__ABOUT THIS EXERCISE__
Retype all data exactly as given. Pictures should not be retyped.

__THE DATA__
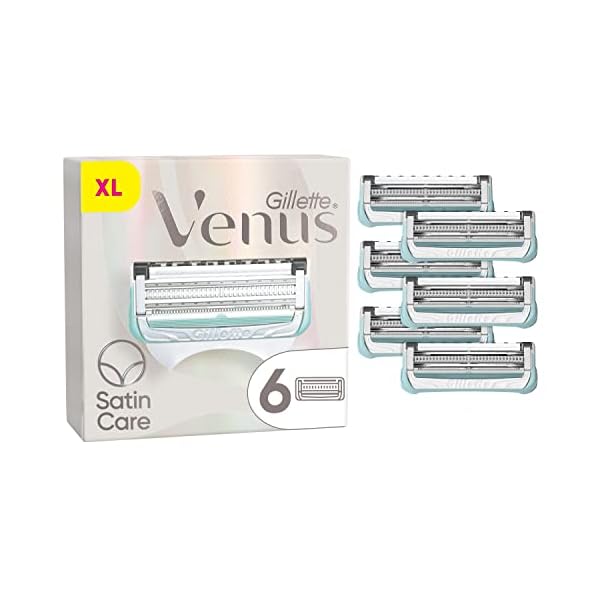 Gillette Venus Satin Care Rasierklingen für den Intimbereich, 6 Ersatzklingen für Intimrasierer Frauen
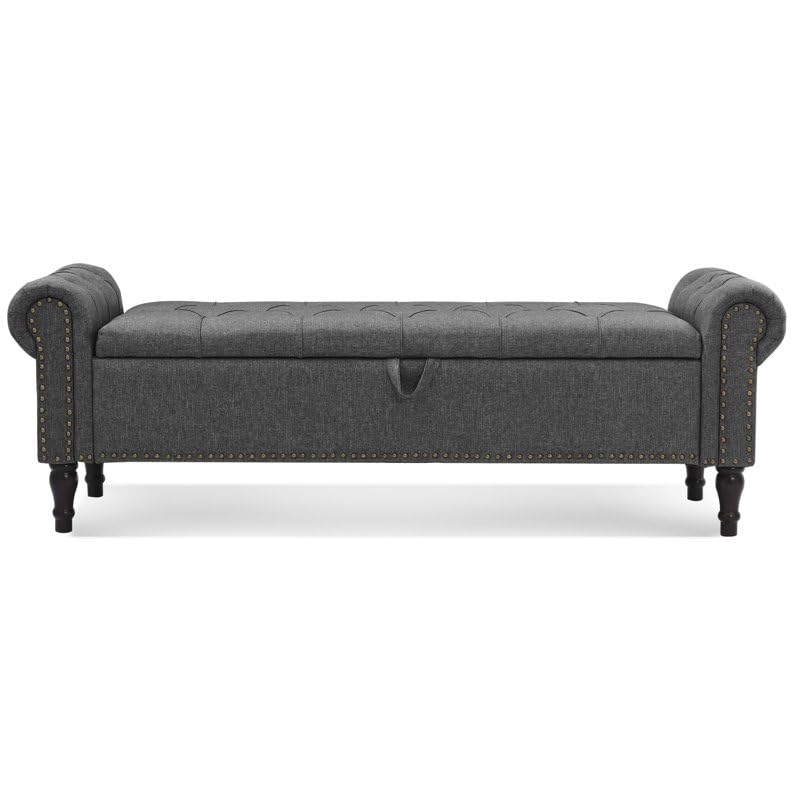 Image of 3-Seater Upholstered Ottoman Bench with Storage | Grey |62.4 x 20.1 x 20.7 Inch| Elegant Multi-Purpose with 6-Inch Wooden Legs for Living Room, Bedroom, Entryway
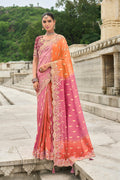 Monjolika Fashion Silk Blend Pink And Orange Buttis Trendy Saree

__SOLUTION TO THE EXERCISE__
 Gillette Venus Satin Care Rasierklingen für den Intimbereich, 6 Ersatzklingen für Intimrasierer Frauen
 Image of 3-Seater Upholstered Ottoman Bench with Storage | Grey |62.4 x 20.1 x 20.7 Inch| Elegant Multi-Purpose with 6-Inch Wooden Legs for Living Room, Bedroom, Entryway
 Monjolika Fashion Silk Blend Pink And Orange Buttis Trendy Saree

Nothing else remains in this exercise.